Hay otro elemento precioso, que merece ser destacado. Cuando Jesús eligió y llamó a los Apóstoles, no los pensó uno separado del otro, cada uno por su cuenta, sino juntos, para que estuviesen con Él, unidos, como una sola familia. También los obispos constituyen un único colegio, reunido en torno al Papa, quien es custodio y garante de esta profunda comunión, que tanto le interesaba a Jesús y a sus Apóstoles mismos. Cuán hermoso es, entonces, cuando los obispos, con el Papa, expresan esta colegialidad y tratan de ser cada vez más y mejor servidores de los fieles, más servidores en la Iglesia. Lo hemos experimentado recientemente en la Asamblea del Sínodo sobre la familia. Pero pensemos en todos los obispos dispersos en el mundo que, incluso viviendo en localidades, culturas, sensibilidades y tradiciones diferentes y lejanas entre sí, de un sitio a otro –un obispo me decía hace días que para llegar a Roma se necesitaban, desde el lugar de donde era él, más de 30 horas de avión– se sienten parte uno del otro y llegan a ser expresión de la relación íntima, en Cristo, de sus comunidades. Y en la oración eclesial común todos los obispos se reúnen juntos a la escucha del Señor y del Espíritu, pudiendo así poner atención en profundidad al hombre y a los signos de los tiempos (cf. Conc. Ecum. Vat. II, const. Gaudium et spes, 4).

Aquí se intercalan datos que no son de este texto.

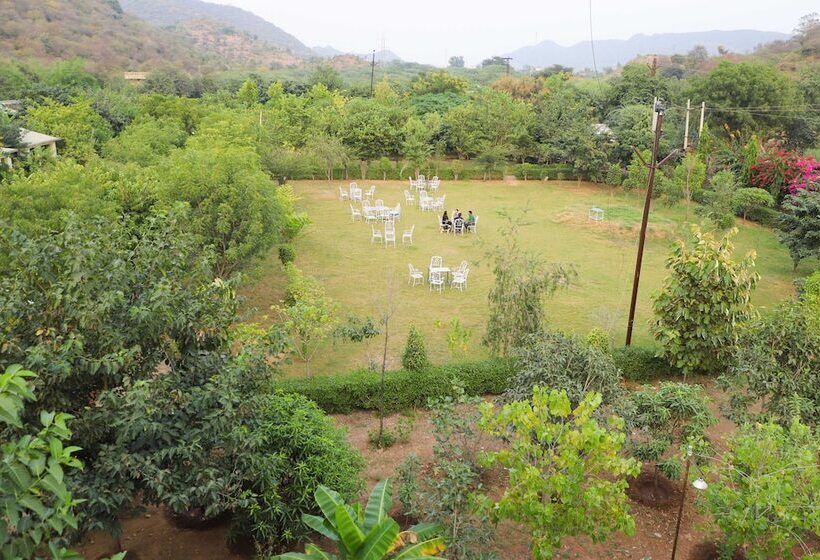 فندق Sariska Farms & Adventure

Queridos amigos, todo esto nos hace comprender por qué las comunidades cristianas reconocen en el obispo un don grande, y están llamadas a alimentar una sincera y profunda comunión con él, a partir de los presbíteros y los diáconos. No existe una Iglesia sana si los fieles, los diáconos y los presbíteros no están unidos al obispo. Esta Iglesia que no está unida al obispo es una Iglesia enferma. Jesús quiso esta unión de todos los fieles con el obispo, también de los diáconos y los presbíteros. Y esto lo hacen con la consciencia de que es precisamente en el obispo donde se hace visible el vínculo de cada una de las Iglesias con los Apóstoles y con todas las demás comunidades, unidas a sus obispos y al Papa en la única Iglesia del Señor Jesús, que es nuestra Santa Madre Iglesia jerárquica. Gracias.